For large quantities of acid gas, operators typically use a Claus process to convert the H₂S in the gas to elemental sulfur and release the CO₂ to the atmosphere. But for small acid-gas quantities, injection has become an economical way to deal with the acid gas. Furthermore, acid-gas injection is a low-emission process, much lower than a Claus plant.

Western Canada currently has about 25 such projects in operation and several more in the planning stages. This disposal method also is starting to be looked upon favorably in other parts of the world.

One should note that acid-gas injection is not limited to small projects. Sulfur prices currently are low and elemental sulfur stockpiling may not be an option for sulfur producers. Limited space may force them to find alternatives for disposing of large quantities of acid gas by such means as injection.

Acid-gas injection is a simple concept. The acid gas from the amine regenerator tower is at a low pressure, typically less than 200 kPa (29 psi), and at about 50° C., the temperature of the overhead condenser. It also is saturated with water.

Multistage compressors compress the gas to the pressure required for injecting it into a deep reservoir. Surface pressure usually is substantially less than the reservoir pressure because of the hydrostatic head of the fluid being injected. Injection pressures depend on the injection zone and may be as great as 15 MPa (2,176 psi).
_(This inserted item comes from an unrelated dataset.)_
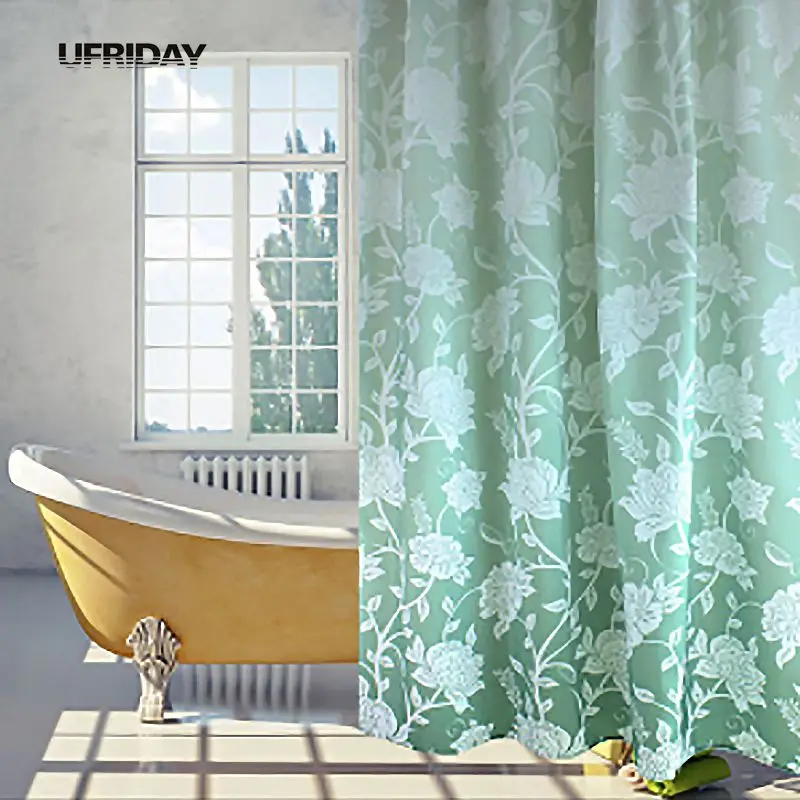 Водонепроницаемая занавеска для душа из полиэстера 12 крючков | Дом и сад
Reservoir pressure can be 30 MPa or higher.

One key parameter in the design of an acid-gas injection scheme is fluid density.¹2 Needed are accurate density predictions for the vapor, liquid, and supercritical (dense-phase) regions.
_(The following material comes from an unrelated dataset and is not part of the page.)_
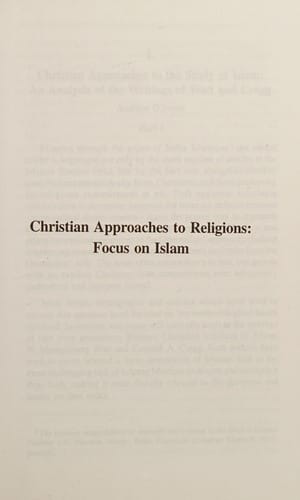 Approaches, foundations, issues, and models of interfaith relations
This article reviews the available experimental data for acid-gas densities and examines several popular methods for density calculations. Density prediction methods that are phase specific will not be examined. For example, there are several correlations designed for estimating the liquid densities.³

In acid-gas injection, it is important to predict the density for all fluid phases. It is also important to have a well-behaved function as the fluid transverses the various phase regions.¹ The liquid density correlations, therefore, are less useful for this application, even though they are accurate.

There is a large amount of experimental data available for CO₂ and H₂S densities. Therefore, this article includes only literature reviews. These compilations cover the pure component properties over the range of pressure and temperature of interest in this study.

For acid-gas injection, the temperature of interest if from 0° to 150° C. and the pressure of interest is from atmospheric to 30 MPa.

Pure CO₂

Literature provides significantly more data on CO₂ than for H₂S, particularly for transport properties. One reason is that CO₂ is considerably easier to deal with than H₂S. In addition, CO₂ has a much lower critical point, placing this interesting region in a range more accessible to experimenters.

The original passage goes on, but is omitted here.